* _THE PROBLEM_: From the first line to the last, copy the material exactly and leave the pictures out.

** Opening GIVEN DATA block **

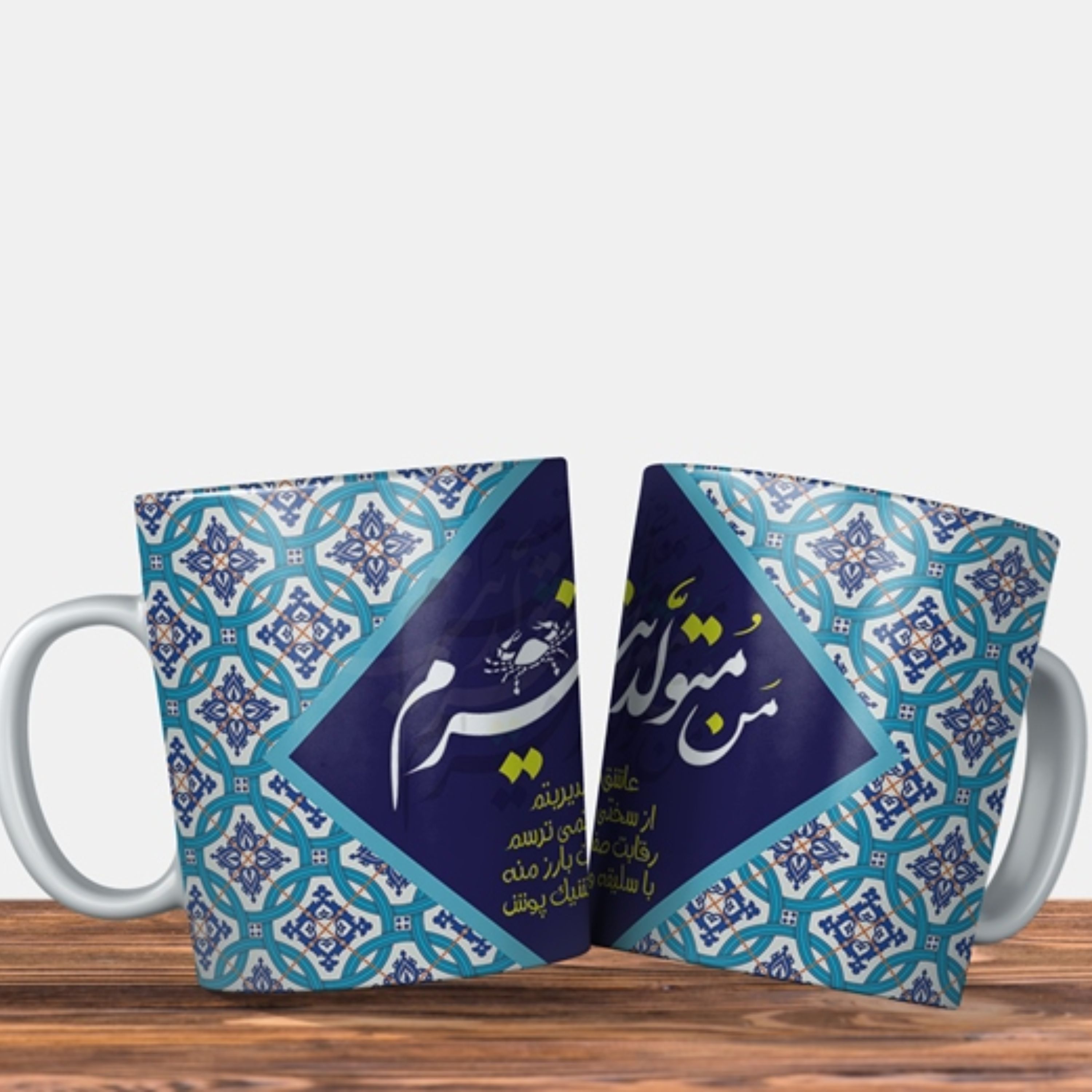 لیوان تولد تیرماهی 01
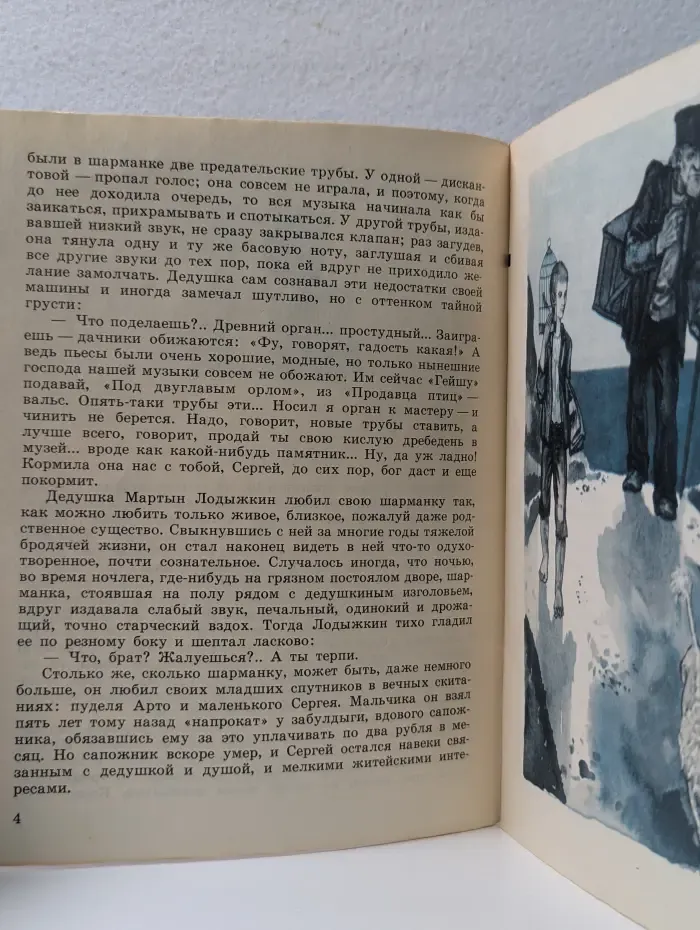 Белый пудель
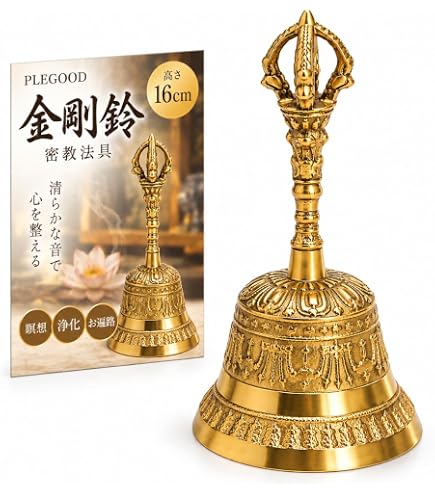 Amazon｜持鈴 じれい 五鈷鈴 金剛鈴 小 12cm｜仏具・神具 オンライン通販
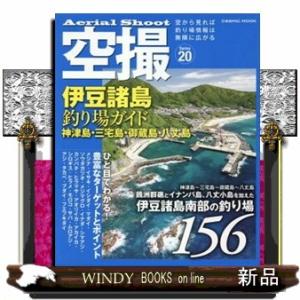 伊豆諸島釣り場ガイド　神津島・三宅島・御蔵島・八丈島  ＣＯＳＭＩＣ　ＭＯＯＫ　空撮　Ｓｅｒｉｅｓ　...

** Closing GIVEN DATA block **

* _RESPONSE FOR THIS EXERCISE_:
 لیوان تولد تیرماهی 01
 Белый пудель
 Amazon｜持鈴 じれい 五鈷鈴 金剛鈴 小 12cm｜仏具・神具 オンライン通販
 伊豆諸島釣り場ガイド　神津島・三宅島・御蔵島・八丈島  ＣＯＳＭＩＣ　ＭＯＯＫ　空撮　Ｓｅｒｉｅｓ　...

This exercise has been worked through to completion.